I hope that is not cynicism on my part but the realism that comes from bitter experience.

2:27 PM, June 12, 2006  
Blogger Bruce said...

Oh Jim, if only you had done a little checking you could have saved yourself much consternation. The PUP Task Force and their handlers would never violate the longstanding policy that pre-assembly events not be about controversial topics that will be in contention at the current General Assembly. In fact, PUP Task Force members have agreed to confine their remarks to non-controversial topics of their choosing. Gary Demarest, for instance, will be showing us pictures of his grandchildren while Barbara Wheeler will demonstrate how to make homemade soup stock. But I’m really looking forward to seeing Mark Achtemeier’s collection of superhero action figures.
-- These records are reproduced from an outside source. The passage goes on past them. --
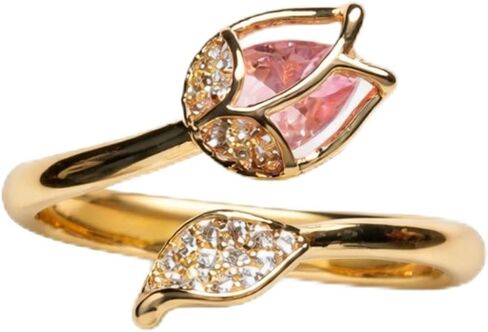 Pink Tulip Ring Gold Tone Open Flower Ring Crystal Leaf Adjustable Floral Ring Dainty Spring Statement Accessories for Women in Saudi Arabia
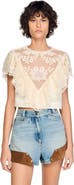 SANDRO Floral guipure crop top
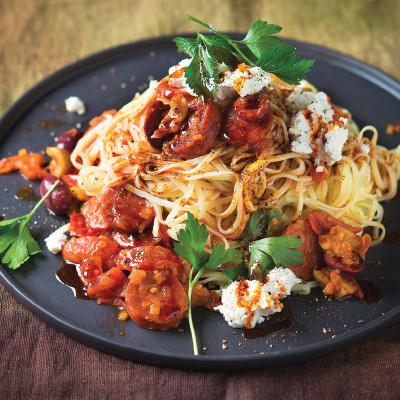 Olive, chorizo and cherry tomato pasta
You see, Jim? No attempt to propagandize; no taking advantage of a one sided format; just good people abiding by the rules that apply to the rest of us. The system works!

1:25 PM, June 13, 2006  
Blogger Alan Trafford said...

Well, I was there this morning at the PUP presentation and, as we all imagined, the entire event was simply advocacy for the recommendations. We were told, for example, that the report does not introduce local option. If this was not a breaking of the "common sense" rule of not using pre-Assembly conferences to influence commissioners unfairly, then I don't know what would be.
Incidentally, charging $36 for fruit and a few pastries, and calling it breakfast, is not totally honest either!